Re: Kulor's Guide to Mode 7 Perspective Planes

Post by rainwarrior »

You're commenting on the "first pass" of my code. I was trying to get it working correctly first, optimize later. Some of these things are already changed (current code), but I appreciate the suggestions nonetheless.
none wrote: Mon Aug 15, 2022 6:04 pmYou can avoid the bit shifts for the A and C multiplies though. precision is good enough with A and C prescaled to the correct range. but with B and D it's not easy. I'd try saving 1 or two per component by choosing radix for cos(a)/sin(a) differently for example (-128..127 instead of -256..256 should be decent enough and would also save half of your sine table size).

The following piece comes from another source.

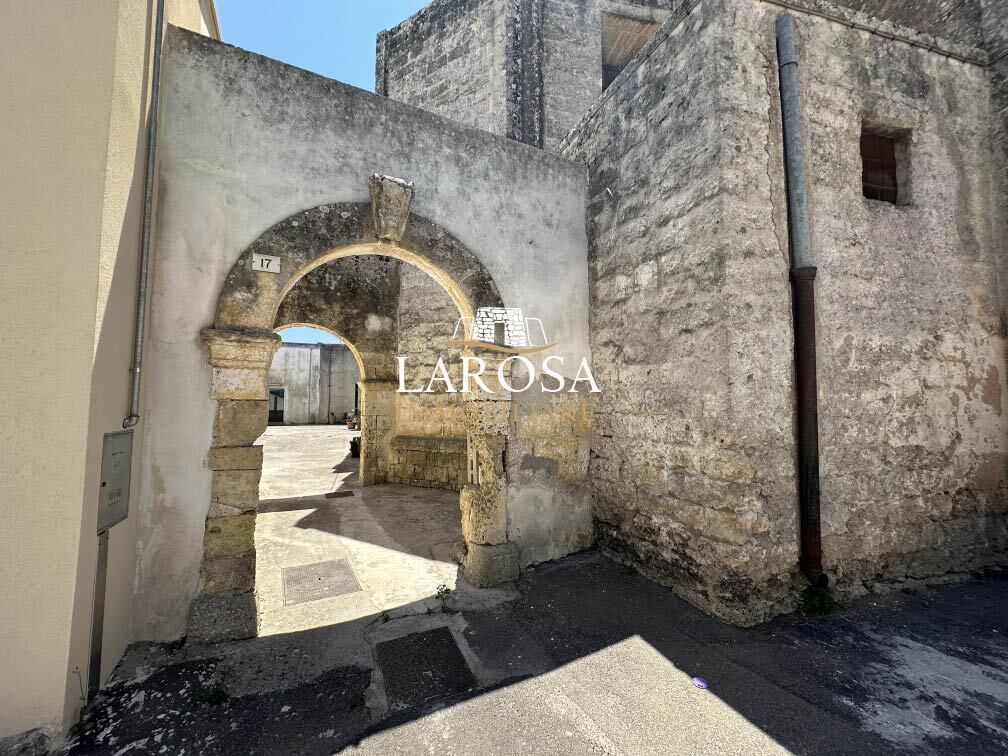 Casa indipendente con giardino in via giuseppe grassi 17, Castri di Lecce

So, to explain: I have Z * A/B/C/D as an 8x8=16 multiply. Z is 2.6, A is 1.7, after multiplying I need to LSR the 3.13 result 5 times to get 3.8 to have the correct scale for M7A.

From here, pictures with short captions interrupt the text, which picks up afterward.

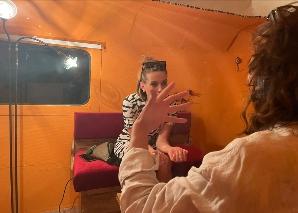 Taxi de la Vie, Live Palm Readings for Your Guests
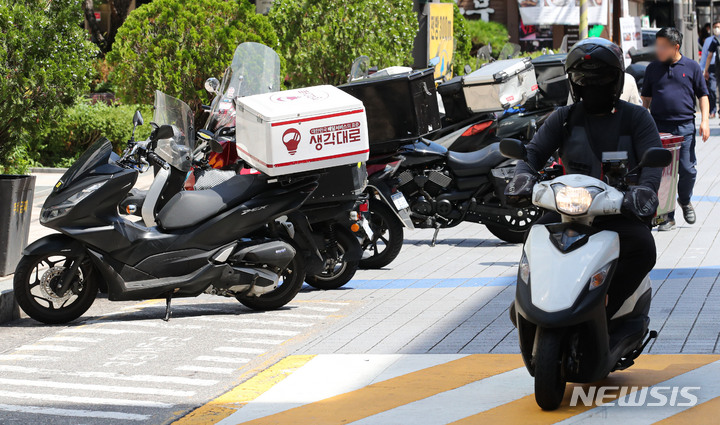 [서울=뉴시스] 권창회 기자 = 지난 9월1일 서울 강남구 선릉역 인근에서 배달라이더들이 배달하는 모습. 2022.09.01. kch0523@newsis.com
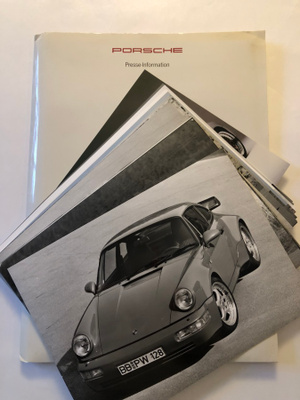 Myyntiesite/lehdistöesite Porsche - 1993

I tried A of 2.6, reducing the precision by 1 bit, and eliminating 1 LSR. I looked at the result... for a still frame it's fine, but spinning around in rotation it's noticeably "bumpier" as we spin. I think the accuracy of the sin/cos drops off dramatically after that.

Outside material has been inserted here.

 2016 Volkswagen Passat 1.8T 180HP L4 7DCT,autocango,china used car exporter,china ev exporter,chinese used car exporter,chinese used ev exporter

An alternative, instead of 5 x LSR, I could do 2 hardware multiplies as a combined 8x16=16. With 16-bit A of 1.10 (top 5 bits = 0), the result of the multiply would already be 3.8, no shifting needed. This would be slightly slower than 5 x LSR but might permit extra accuracy? Not sure how much that accuracy could really help, though. Final Fantasy VI does 8x16 in a manner like this.
none wrote: Mon Aug 15, 2022 6:04 pmyou can move the sign checks out of your inner loop
Yes. I'm not going to do this in my example for the sake of code clarity. In a shipped game, I'd definitely consider having 4 copies of the loop for the permutations of negations. (FF6 and F-Zero both do this.) As-is, it's fast enough for me demonstration, but I'll leave a comment about it.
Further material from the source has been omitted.